First off, I live in a tropical country. Yeah, in those hot countries near the equator with perpetually tanned people white people so very much adore. Sorry, I have a slight racism because of my mum’s bad influence. Though I promise I’m not one of those crazy nazi-like fanatics who wants everyone to burn because they’re not their race. Don’t worry, my level of racism will depend on how racist you are to me or everyone.

Uhm, let’s just say I’m one of those cynical people that goes, “They’re racists, so why can’t we be racists too?” You get me, right? I mean, let’s be honest here. No one’s a complete non-racist. Even if you say you aren’t, don’t lie that you don’t have a bit of assumption when you see four-eyed Asian kids, black swag masters, and arrogant white businessmen because of the media’s mass hypnosis. You just happen to be good at hiding these thoughts because you don’t openly talk about them to anyone. People even lie just to fit in, which is quite pitiful of them. I do hope you aren’t one of them.

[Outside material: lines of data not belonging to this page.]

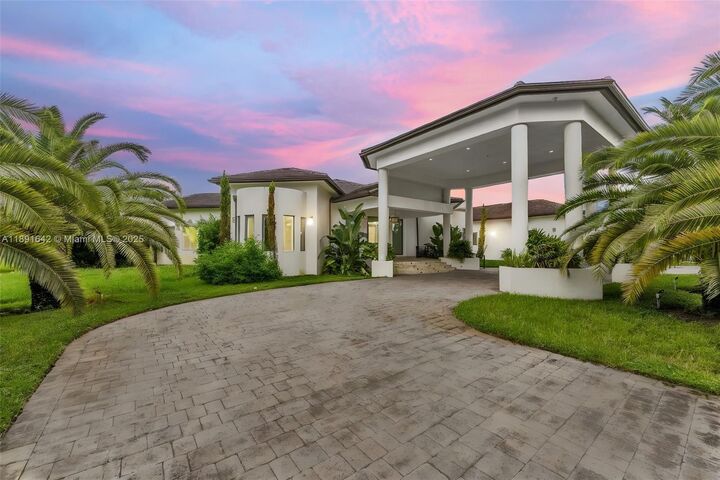 12175 SW 45th St  Miami FL 33175 photo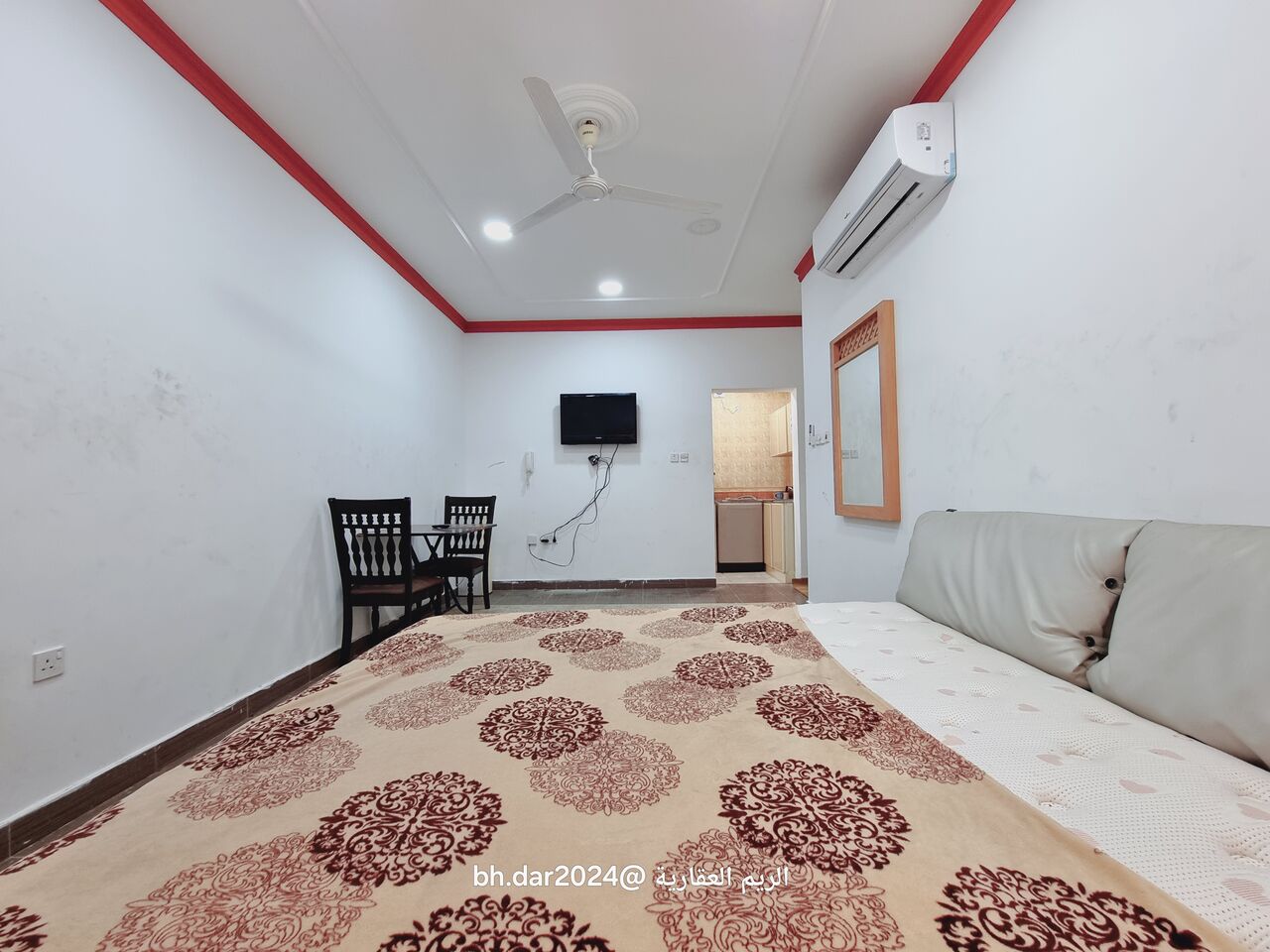 Manama, Apartments, Flats, Houses & Villas, BHD 120/year,  1 BR,  Qalali City/high End Apartment For Rent Furnished With All Electricity Including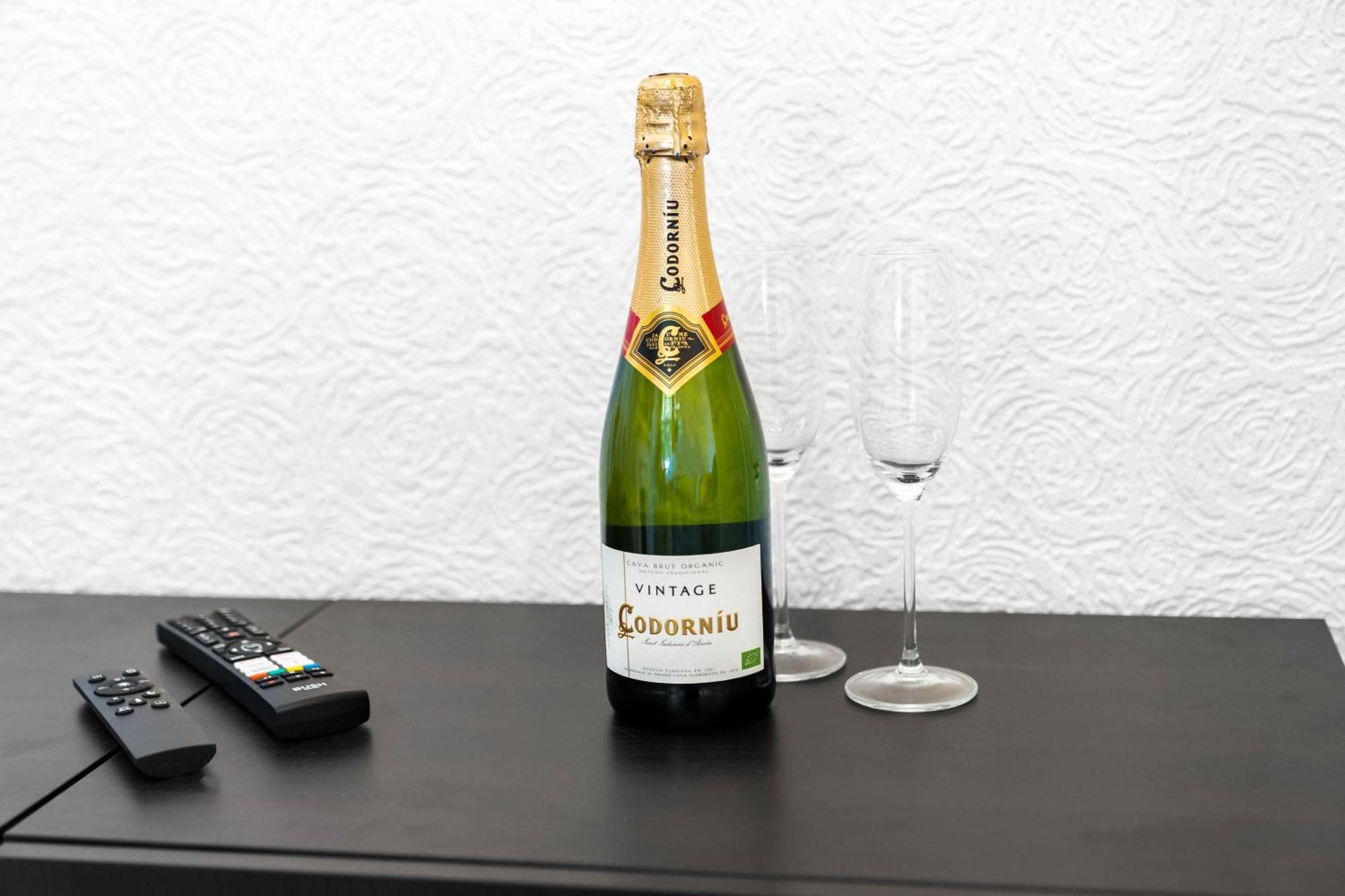Stylish 3 Bedroom House - 6 Guests - Garden - Parking - Netflix - Wifi - 17M Birmingham Kültér fotó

So let’s just also say that I’m not going to be one of those well-mannered goody-two shoes when it comes to my writing (though I do act like one in real life). There’s a study that shows the more homophobic a person is, the more likely they’ll become homosexuals themselves, and I think that also goes for hypocrites and racists. The more anti-racist and anti-hypocrite one is, the more they are likely to become or be one. So you can assume I’m working on this principle when I write my entries.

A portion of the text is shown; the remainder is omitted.